Task item
Here is a listing. Repeat it exactly and in its entirety.

○ ○ ○ ○ ○

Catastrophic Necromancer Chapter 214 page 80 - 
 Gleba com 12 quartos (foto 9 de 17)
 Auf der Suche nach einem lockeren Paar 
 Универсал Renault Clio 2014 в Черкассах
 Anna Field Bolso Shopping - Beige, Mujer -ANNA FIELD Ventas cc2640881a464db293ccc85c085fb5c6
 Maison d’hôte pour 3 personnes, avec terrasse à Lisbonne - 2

○ ○ ○ ○ ○

Result for this exercise
Catastrophic Necromancer Chapter 214 page 80 - 
 Gleba com 12 quartos (foto 9 de 17)
 Auf der Suche nach einem lockeren Paar 
 Универсал Renault Clio 2014 в Черкассах
 Anna Field Bolso Shopping - Beige, Mujer -ANNA FIELD Ventas cc2640881a464db293ccc85c085fb5c6
 Maison d’hôte pour 3 personnes, avec terrasse à Lisbonne - 2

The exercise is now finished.